• [Exercise requirements] In the records below, find the line with "Avia Gray Leggings", then copy each line exactly until you have copied the line with "A sulfur dioxide". Leave any picture out.

• [Exercise input]
↓

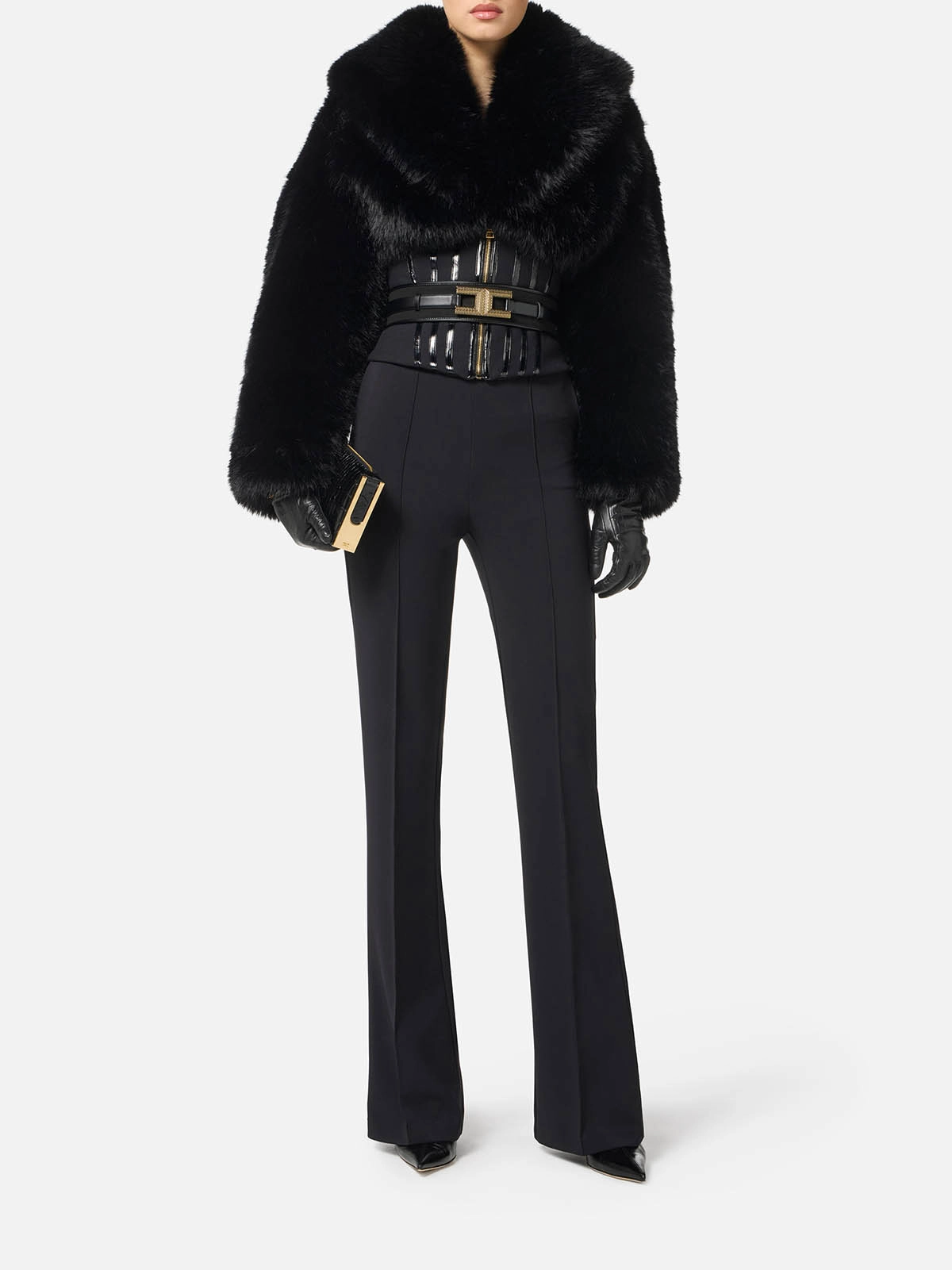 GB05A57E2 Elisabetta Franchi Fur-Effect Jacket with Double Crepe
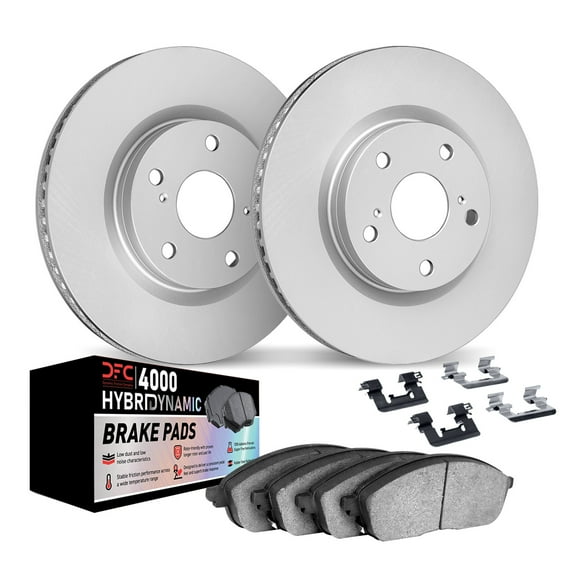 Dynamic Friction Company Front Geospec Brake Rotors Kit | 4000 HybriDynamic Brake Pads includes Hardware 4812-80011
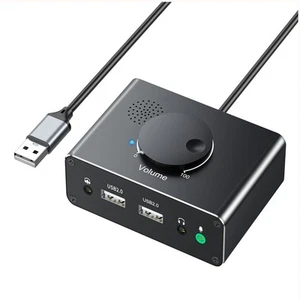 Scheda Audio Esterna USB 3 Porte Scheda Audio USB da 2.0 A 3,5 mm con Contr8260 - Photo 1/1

↑
↓

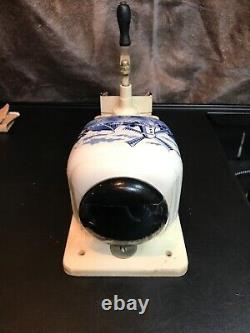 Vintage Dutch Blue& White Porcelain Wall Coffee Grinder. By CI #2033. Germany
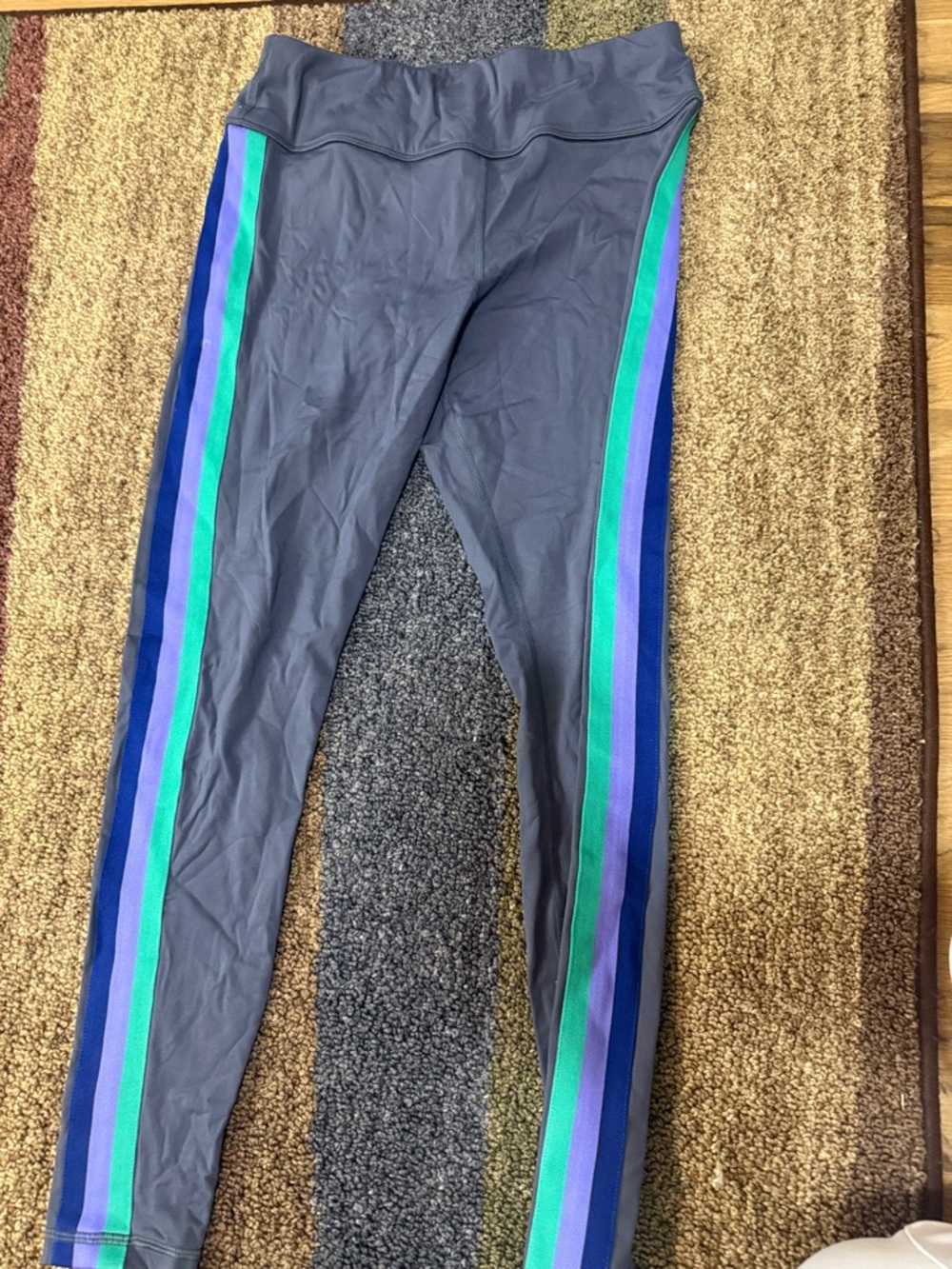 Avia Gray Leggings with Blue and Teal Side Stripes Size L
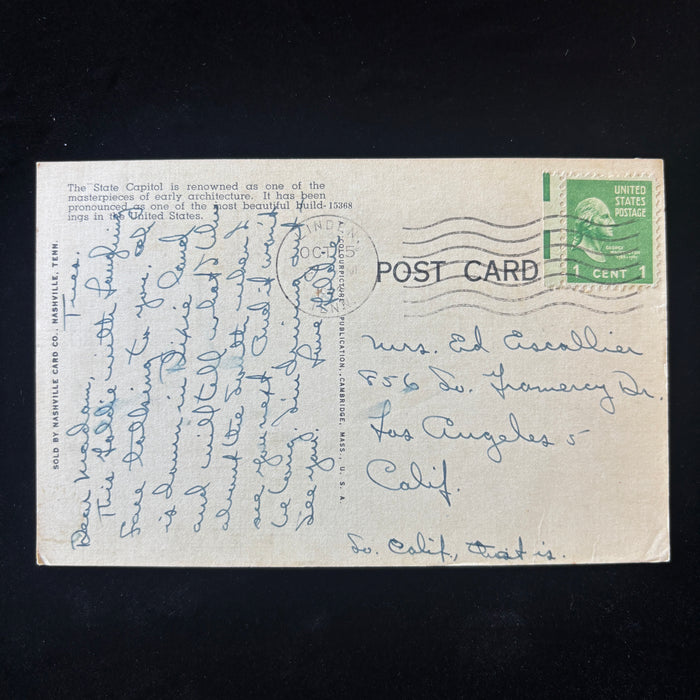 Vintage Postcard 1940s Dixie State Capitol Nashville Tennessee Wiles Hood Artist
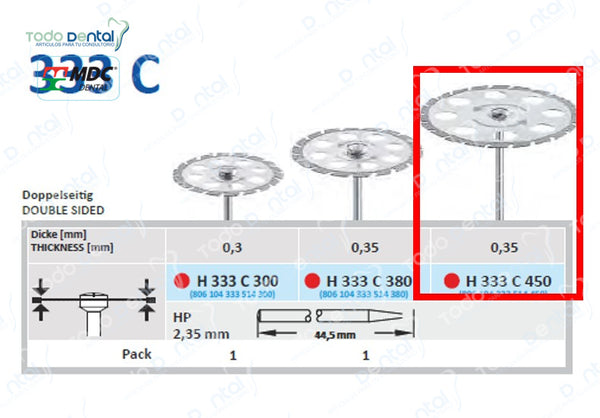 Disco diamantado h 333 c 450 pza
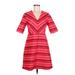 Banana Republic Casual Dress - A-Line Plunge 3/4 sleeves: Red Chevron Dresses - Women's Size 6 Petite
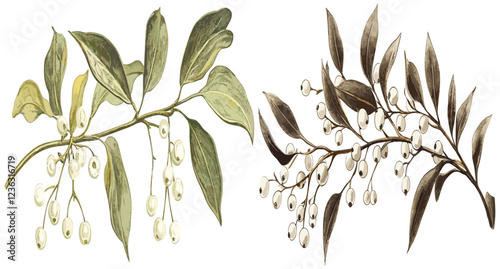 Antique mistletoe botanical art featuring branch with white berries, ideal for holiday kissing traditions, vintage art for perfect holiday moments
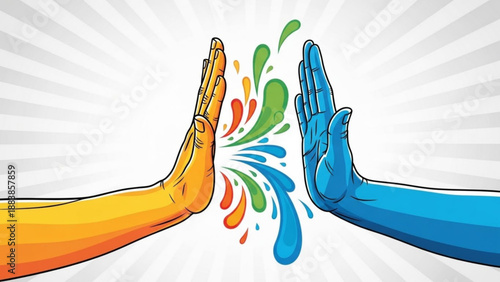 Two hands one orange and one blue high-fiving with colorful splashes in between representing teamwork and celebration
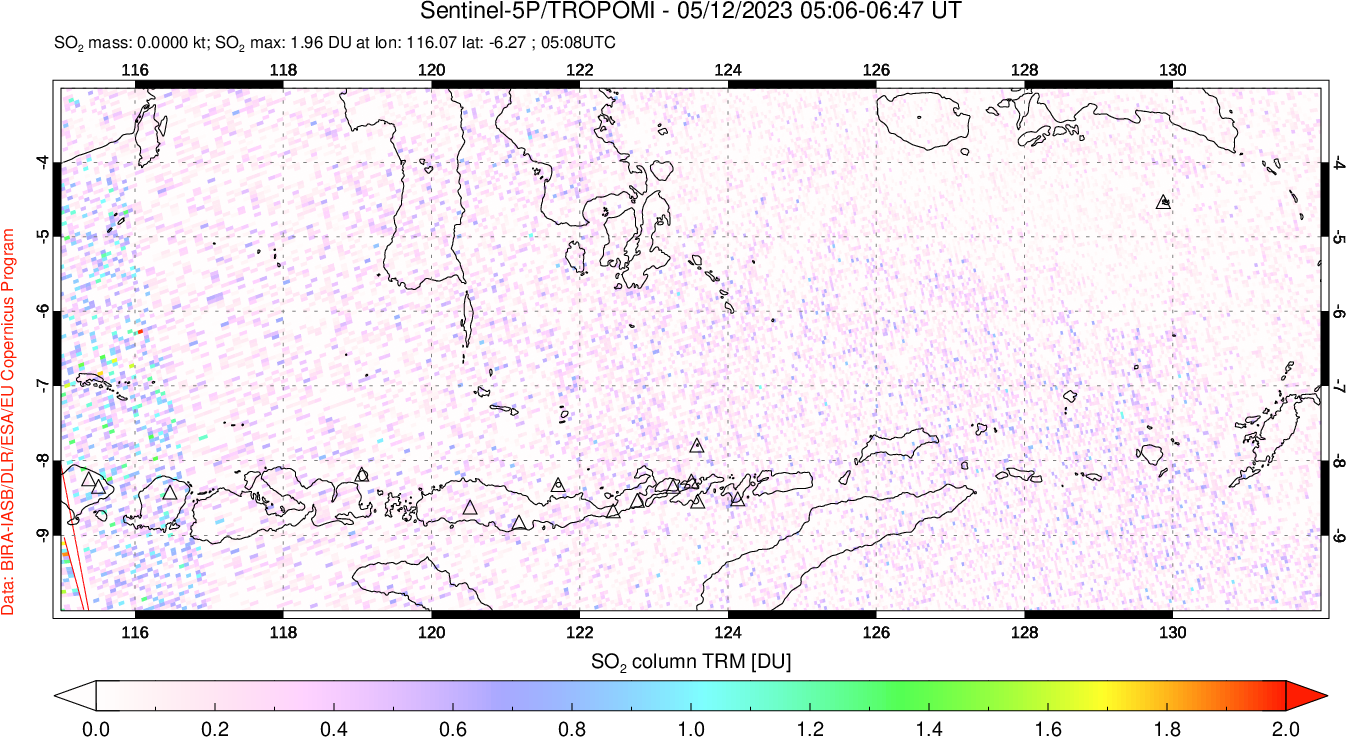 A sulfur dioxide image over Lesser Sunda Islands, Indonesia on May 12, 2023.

↑
↓

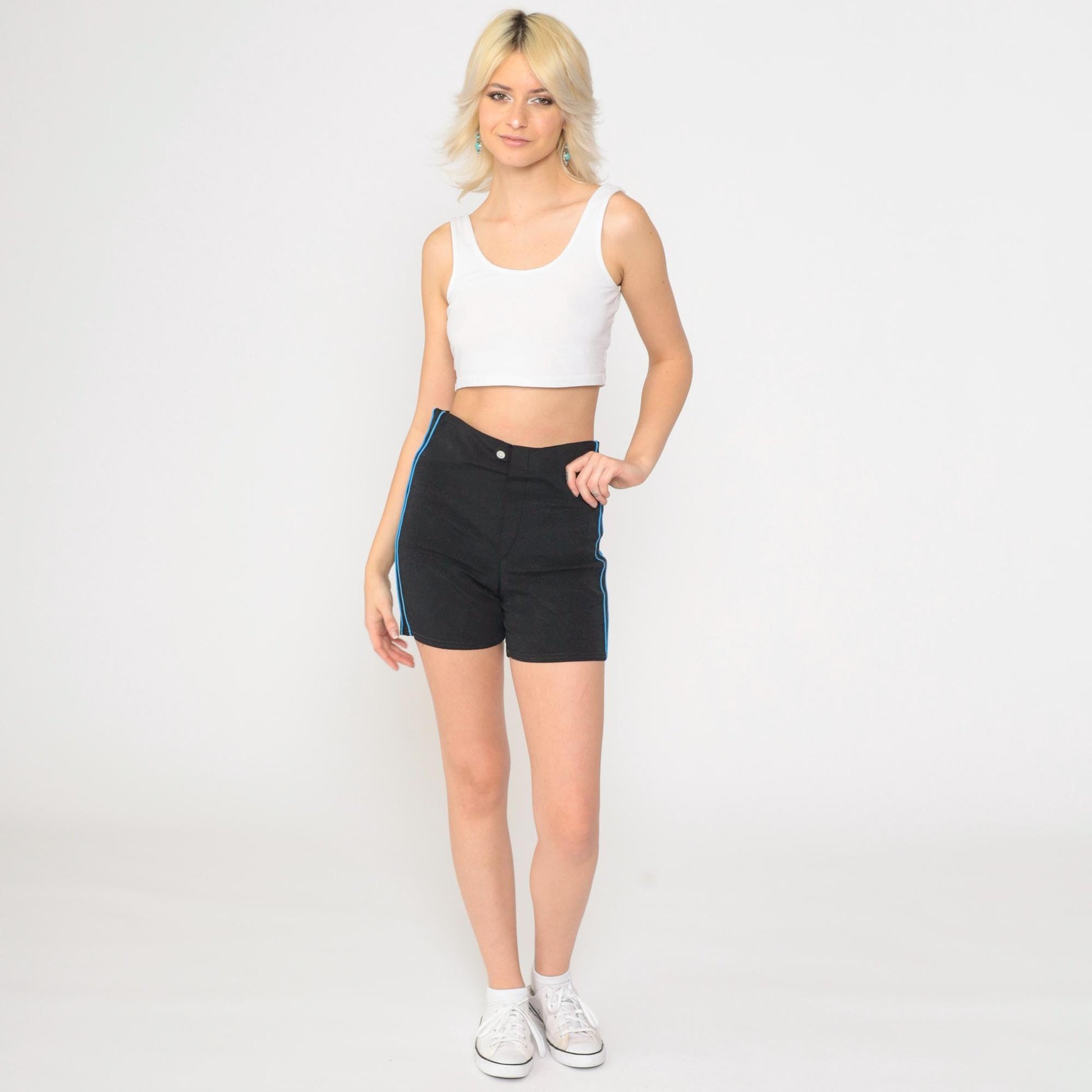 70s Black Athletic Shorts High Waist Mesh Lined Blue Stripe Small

↑

• [Output below]
 Avia Gray Leggings with Blue and Teal Side Stripes Size L
 Vintage Postcard 1940s Dixie State Capitol Nashville Tennessee Wiles Hood Artist
 Disco diamantado h 333 c 450 pza
 Banana Republic Casual Dress - A-Line Plunge 3/4 sleeves: Red Chevron Dresses - Women's Size 6 Petite
 Antique mistletoe botanical art featuring branch with white berries, ideal for holiday kissing traditions, vintage art for perfect holiday moments
 Two hands one orange and one blue high-fiving with colorful splashes in between representing teamwork and celebration
 A sulfur dioxide image over Lesser Sunda Islands, Indonesia on May 12, 2023.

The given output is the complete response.